LBH Papua Desak Kapolri Usut Dugaan Penyiksaan dan Penangkapan Sewenang-wenang oleh Oknum Polisi
- account_circle Tim Redaksi
- calendar_month 1 jam yang lalu
- visibility 21
- print Cetak

Aktivis HAM dari LBH Papua mengunjungi seorang korban yang tengah menjalani perawatan di rumah sakit akibat dugaan penyiksaan saat proses penangkapan oleh oknum anggota kepolisian. Kunjungan dilakukan untuk memberikan pendampingan hukum sekaligus menghimpun keterangan korban sebagai bagian dari upaya advokasi. Doc. EG
info Atur ukuran teks artikel ini untuk mendapatkan pengalaman membaca terbaik.
nulondalo.com, Jayapura – Lembaga Bantuan Hukum (LBH) Papua mendesak Kapolri segera memerintahkan Kapolda Papua untuk menangkap dan memproses hukum oknum anggota kepolisian yang diduga terlibat dalam kasus penyiksaan, penangkapan sewenang-wenang, serta berbagai pelanggaran hak asasi manusia (HAM) di wilayah hukum Polda Papua.
Desakan tersebut disampaikan LBH Papua dalam siaran pers yang diterbitkan bertepatan dengan momentum Hari Bhayangkara, Rabu (1/7/2026). Menurut LBH Papua, profesionalisme Polri tidak hanya diukur dari keberhasilan mengungkap perkara atau melaksanakan operasi keamanan, tetapi juga dari penghormatan terhadap HAM, prinsip negara hukum, dan penegakan hukum yang adil.
Direktur LBH Papua, Festus Ngoranmele, mengatakan seluruh tindakan aparat penegak hukum harus tunduk pada konstitusi, menghormati hak asasi manusia, serta menjamin prinsip due process of law dan fair trial.

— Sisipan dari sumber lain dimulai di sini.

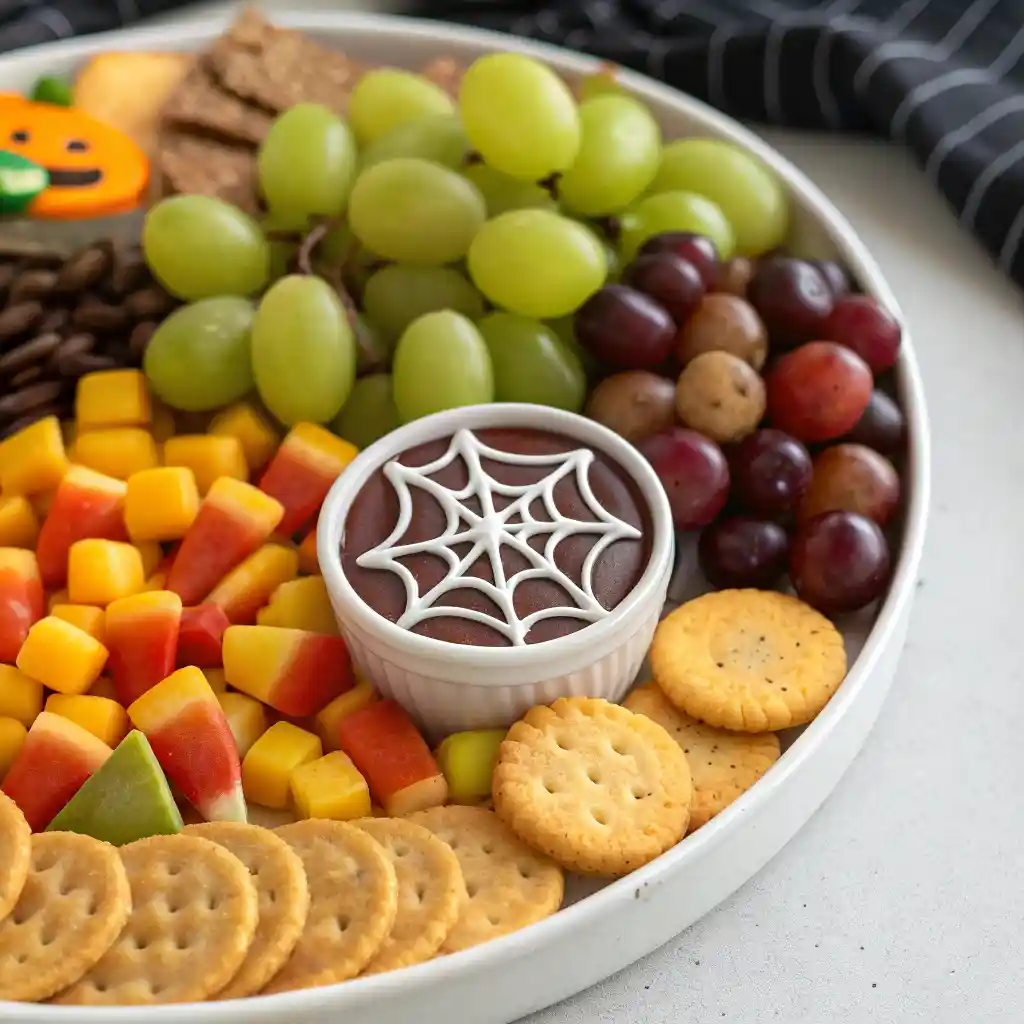 mixed Halloween charcuterie board with sweet and savory snacks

Berdasarkan pendampingan hukum yang dilakukan sepanjang 2025 hingga 2026, LBH Papua mencatat sedikitnya tiga perkara yang dinilai menunjukkan dugaan pelanggaran serius.

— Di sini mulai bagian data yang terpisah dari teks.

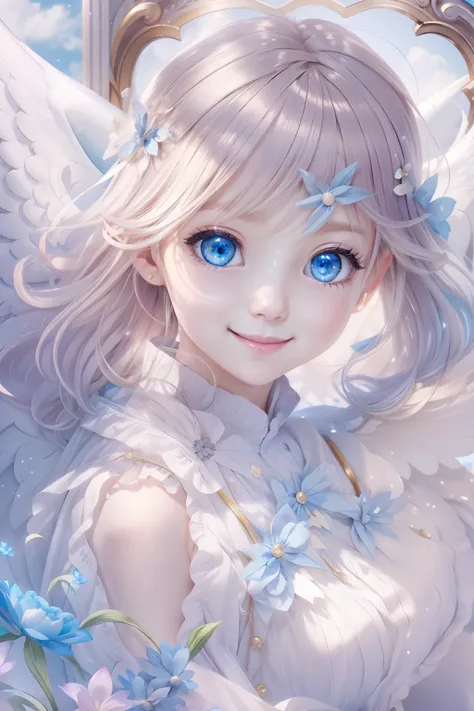 blue-eyed angel、more beautiful angels、fantastic angel、heavenly background、brilliance、a smile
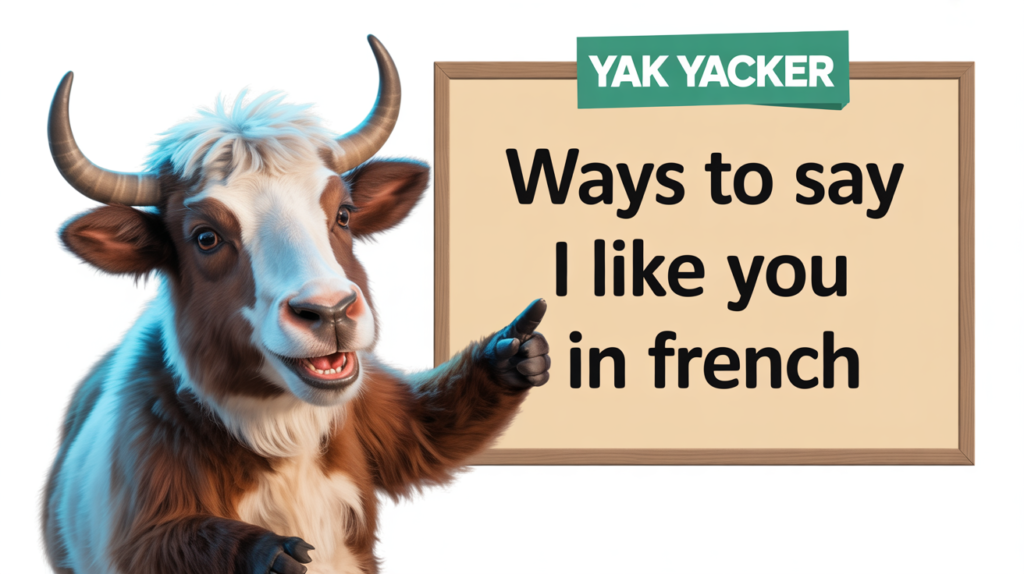 yak with “Ways to Say J’aime in French” and expressive icons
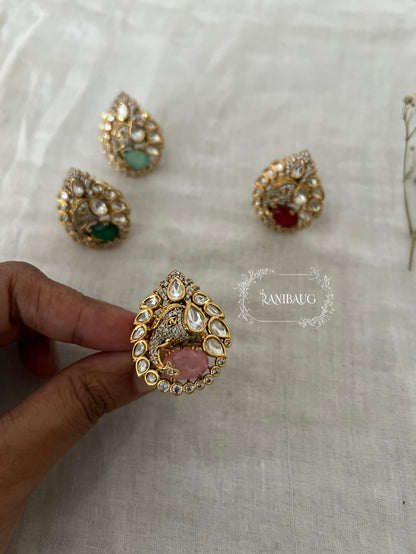 Vinayaka Polki Kundan Gold Finish Ganesha Inspired Traditional Festive Indian Ring By Ranibaug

Ketiga perkara tersebut meliputi dugaan penyiksaan, penangkapan sewenang-wenang, dan pengabaian hak atas pelayanan kesehatan terhadap Ronald Philip Pangkatana; dugaan penangkapan sewenang-wenang, penyiksaan, serta pelanggaran prinsip peradilan yang adil terhadap Albertus Madai dan Thomas Doo; serta dugaan keterlambatan penanganan laporan penyalahgunaan senjata api terhadap Ebenius Tabuni.
LBH Papua menyebut perkara-perkara tersebut memperlihatkan pola dugaan penyiksaan, intimidasi saat pemeriksaan, pengabaian hak atas pelayanan kesehatan bagi tahanan, lambannya penanganan laporan masyarakat, hingga dugaan pelanggaran terhadap prinsip due process of law dan fair trial.
Temuan tersebut merupakan hasil pendampingan hukum LBH Papua dan sebagian telah dilaporkan kepada Komisi Nasional Hak Asasi Manusia (Komnas HAM).
Menurut LBH Papua, momentum Hari Bhayangkara harus menjadi evaluasi terhadap praktik penyalahgunaan kewenangan yang masih terjadi.
Organisasi itu menilai tidak boleh ada pembiaran terhadap anggota kepolisian yang diduga melakukan penyiksaan, intimidasi, maupun penangkapan sewenang-wenang.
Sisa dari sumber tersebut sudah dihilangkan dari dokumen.